Premetto che non ho mai condiviso l’interpretazione della politica di Renzi, del suo linguaggio e della sua attività, come una nuova forma di berlusconismo. Sono identificazioni che mi lasciano sempre perplesso, frettolose e un po’ superficiali. Poi all’improvviso una domenica accade un fatto, una dichiarazione apparentemente marginale che mi costringe a ripensarci. Protagonista la ministra Boschi che nel corso di una manifestazione elettorale se ne esce con questa domanda retorica: “La scuola solo in mano ai sindacati funziona?”. E, tanto per non lasciare spazio a dubbi sul suo pensiero, aggiunge “io credo di no”. Neanch’io lo credo. E penso che non lo creda nessuno. Neppure un leader sindacale, neppure l’insegnante più sindacalizzato auspica una scuola in mano “solo” al sindacato. Il problema non esiste. Esiste invece un altro problema che le parole della ministra aprono, senza che lei se ne accorga. In mano a chi è, in mano di chi è stata la scuola pubblica italiana in questi anni? Direi a nessuno. Non certo ai sindacati, spesso divisi, poco rappresentativi, non in grado di incidere con i loro interventi e, di conseguenza, travolti da una generale sfiducia nei loro confronti. Non ai ministri che si sono succeduti negli ultimi vent’anni, pessimi, senza un vero progetto che non fossero le panzane delle tre i o quello di usare la scuola per fare cassa con tagli orizzontali ideati da quel genio di Tremonti. Una parentesi doverosa: si salva da questa galleria degli orrori il ministro Profumo che nei pochi mesi del suo mandato ha lavorato bene su poche idee semplici e razionali, rivelandosi a posteriori uno dei pochi politici veri in un governo di sedicenti tecnici che giustamente Orfini ha designato come “pippe”. E in questa definizione è stato generoso.

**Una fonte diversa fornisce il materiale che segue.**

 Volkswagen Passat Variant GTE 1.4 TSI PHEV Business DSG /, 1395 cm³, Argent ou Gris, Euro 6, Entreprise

Ma torniamo alla scuola, che non è neppure in mano ai presidi, ai mitici dirigenti a cui dovrebbero andare nei piani renziani straordinari poteri e responsabilità, ma che, almeno per ora, mi sono parsi classe dirigente più di nome che di fatto, non certo un gruppo capace di trainare in avanti il sistema sul piano culturale e che, a onor del vero, sono stati costretti a fare, come si suol dire, le nozze con i fichi secchi. Non si può certo dire, di questi tempi, che la scuola sia in mano agli studenti, poverini, vittime di un tempo gramo in cui si trovano costretti a fare ogni giorno “il lavoro duro di essere uomo e non sapere cosa sarà il futuro” (eh! Baglioni sì che ci capiva della condizione giovanile). Non restano che gli insegnanti.

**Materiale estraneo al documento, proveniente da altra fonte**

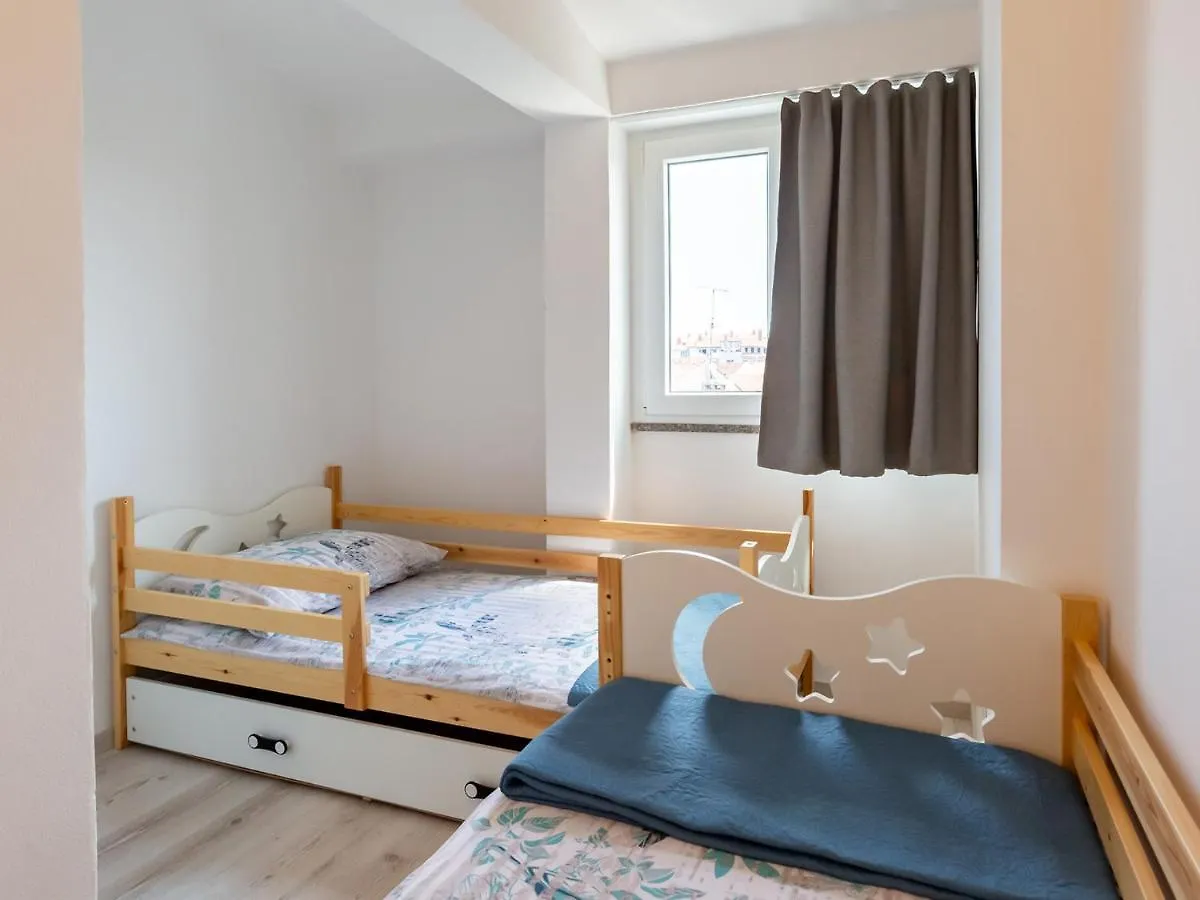 Amoroso Apartment 200M From Sea Porec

Loro sì che hanno avuto in questi anni in mano la scuola. Ma non nel senso in cui l’intende la Boschi. Hanno avuto in mano la scuola non come potere decisionale, ma nel senso che hanno tirato avanti la carretta, arrabattandosi ogni giorno per risolvere i problemi, con stipendi inadeguati, facendo salti mortali per far trovare la carta igienica nel gabinetti e i libri in biblioteca, per studiare un’offerta formativa dignitosa nei singoli istituti senza nessuna organizzazione che li sostenesse, né i sindacati, né i politici a cui spetterebbero per primi questi compiti. E allora la domanda retorica della ministra è solo una sparata antisindacale, fatta ad arte per alimentare dei sospetti, per inventare un pericolo che non c’è da nessuna parte, per creare il solito fumus anticomunuista già visto e sentito mille volte: una forma di comunicazione veramente alla Berlusconi, che assimila un governo che voleva “cambiare verso” al paese ai peggiori metodi di propaganda dei suoi predecessori e che rivela come purtroppo una certa dose di berlusconismo sia davvero presente nel renzismo.